Many people wondered that Brayme-Skepley should deliver a lecture so vastly important in old-world Barminster rather than in London; but he was not a man to be co-erced--so the savants, perforce, came to Barminster.
At twelve, midnight, as nearly as can be ascertained, on the fourteenth of March the porter in charge of the North Gate--by which direct admission can be gained to the quadrangle--was aroused by a loud ringing of his bell.
Hurrying to the door of his little lodge, he was surprised to find at the gate the gaunt figure of Professor Brayme-Skepley, enveloped in a huge fur coat. He hastened to unlock the wicket and admit the great scientist.

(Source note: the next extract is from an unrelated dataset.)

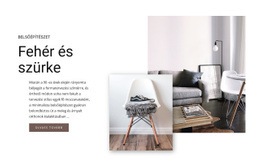 Skandináv Stílus - Sablonok Webhelytervezés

"I am sorry to trouble you at so late an hour, Jamieson," said the Professor, "but there are some little preparations which I must make for tomorrow's lecture. I shall probably be engaged in the bacteriological laboratory for a couple of hours. You will not mind turning out with the key?"
He slipped a sovereign into the porter's hand as he spoke, and Jamieson only too gladly acquiesced.
The fire in the little sitting-room of the lodge was almost extinct, but the man revived it, and, putting on a shovelful of coal, lighted his pipe, and sat smoking for about an hour. At one o'clock he stepped outside, and glanced across the quadrangle.
The Professor was still working, and, finding the night air chilly, Jamieson was about to turn in again when a light suddenly appeared in the top window of one of those ancient houses in Spindle Lane. The house was the last of the row, and overlooked the bacteriological laboratory.
"That's old Kragg's house," muttered the porter; "but I didn't know anybody lived there since the old man died."
The light was a vague and flickering one, almost like that of a match; and, as he watched, it disappeared again.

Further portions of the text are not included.